22/10/14

VER EL FUTURO, por Mar Redondo



"Si te miras al espejo, puedes ver el futuro", dice Miguel Rellán en el papel del profesor en la obra Los jugadores, de Pau Miró, que vi hace unos días en los Teatros del Canal. Tal vez tenga razón. Al menos parece que los cuatro personajes de esta obra: profesor, barbero, enterrador y actor, todos de mediana edad, están ya más que al cabo de la calle de cual será su futuro sin siquiera tener que mirarse al espejo propio, solo mirándose entre ellos, espejo unos de otros.
Son viejos conocidos y compañeros de mesas de juego, con vidas corrientes y problemas corrientes que comparten, y secretos u errores que sin embargo se esconden —como pasa en las mejores familias—, hasta que no les queda otra que sacarlos a la luz y compartirlos también, levantar metafóricamente sus cartas más ocultas y mostrarlas sobre el tapete. Una de esas cartas, el error más grave y de solución más urgente de uno de ellos, el profesor, referente del grupo, les llevará a dar un paso rocambolesco y osado, el movimiento determinante que disparará su adrenalina al máximo y sacudirá sus anodinas vidas —más allá aún del inconmensurable instante de levantar la última carta en la mesa de juego—, algo que todos en silencio, otro secreto aunque en este caso tal vez a voces, han estado anhelando.
Cuando el telón cae al final conocemos, aunque por supuesto no la voy a desvelar aquí, la consecuencia inmediata, en el presente, y aparentemente favorable de ese arriesgado paso, pero no cómo va a trascender en el futuro de estos personajes individualmente y/o como grupo; eso queda a la interpretación o a la imaginación o, por qué no, al deseo de cada espectador. Él es quien decide realmente el futuro de esos cuatro personajes a los que mira y por los que a su vez es mirado.
Porque, de algún modo, ese escenario en el que la representación tiene lugar también funciona como un espejo, pero un espejo de doble cara. Más allá de la ruptura de la cuarta pared, el montaje de Los jugadores subraya esa idea. En el transcurso de la obra y en repetidas ocasiones, los personajes se colocan al borde del escenario, el proscenio, y, simplemente, se quedan mirando hacia el patio de butacas, donde estamos nosotros. La primera vez te preguntas por qué lo hacen, esperas que hagan algo más, pero solo miran y luego abandonan el escenario, y así varias veces; lo mismo que nosotros, después de hora y veinte de mirar, abandonamos el patio de butacas.
Nosotros les miramos a ellos: Durante una hora y veinte minutos “vemos” —en un sentido amplio que engloba pensar, percibir, sentir; en definitiva, vivir— la experiencia que allí se está desarrollando y que durante ese tiempo se convierte en la nuestra propia. Nos reconocemos en esos personajes, nos vemos sobre las tablas, no como actores en el sentido de intérpretes de un papel, sino como actores en el sentido de seres que realizan actos con los que unas veces aciertan y otras yerran. El escenario-espejo nos devuelve un reflejo, una imagen de nosotros mismos más o menos próxima a lo literal dependiendo de nuestro mayor o menor grado de identificación con la situación que estamos “viendo”, o con algún o algunos de los personajes en concreto.
Ellos nos miran a nosotros: Esa imagen-reflejo nuestra —puede encantarnos, horrorizarnos o ni fu ni fa— activa a su vez en nosotros una respuesta (una réplica, un reflejo), en parte automática y por tanto involuntaria pero también reflexiva, que se expresa en Los jugadores en forma de “barrunto” del futuro de sus personajes, lo que equivaldría a decir barrunto de nuestro futuro, el de cada uno de nosotros que estamos también allí arriba, reflejados. 

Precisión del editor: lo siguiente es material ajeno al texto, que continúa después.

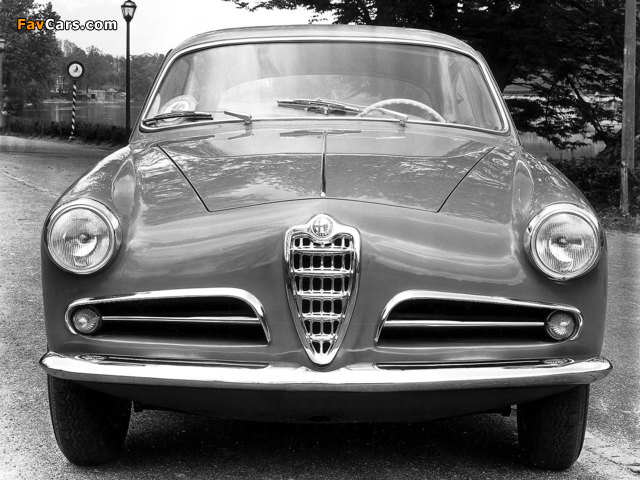 Alfa Romeo Giulietta Sprint Prototipo 750 (1954) photos (640 x 480)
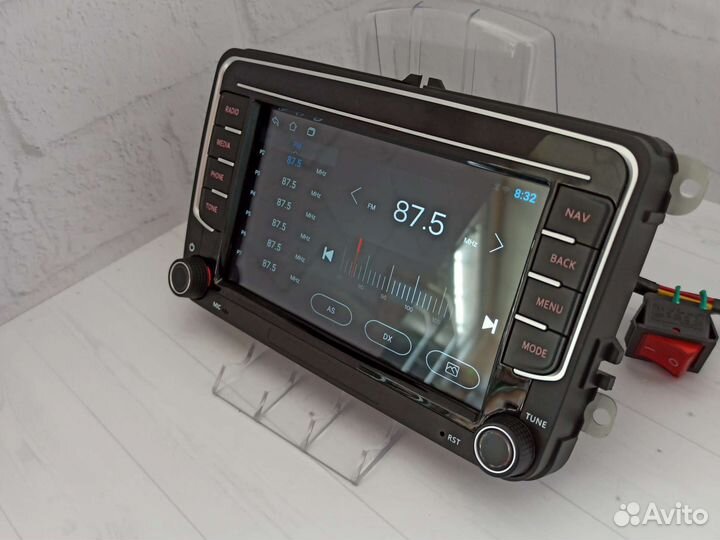 Магнитола на андроиде Фольцваген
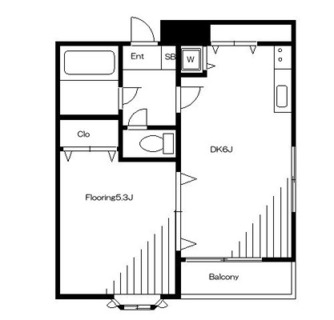 東京都文京区白山３丁目 賃貸マンション 1DK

Ellos y nosotros, personajes de una obra, anhelantes de ese “subidón” de adrenalina que sacuda, al menos eventualmente, nuestras encajonadas vidas, sean cuales sean las consecuencias, positivas o negativas. Que se lo digan al personaje del actor, interpretado magníficamente por Luis Bermejo —conocido sobre todo en series de televisión, pero para mí un descubrimiento sobre las tablas—, para quien su mayor disfrute son los momentos en los que se queda en blanco sobre el escenario, motivo por el cual, por muchos casting a los que acude, ya no le contratan ni, como espectadora me atrevo a predecir, nunca más le contratarán (a su personaje, por si quedan dudas; al actor le queda mucho aún por dar).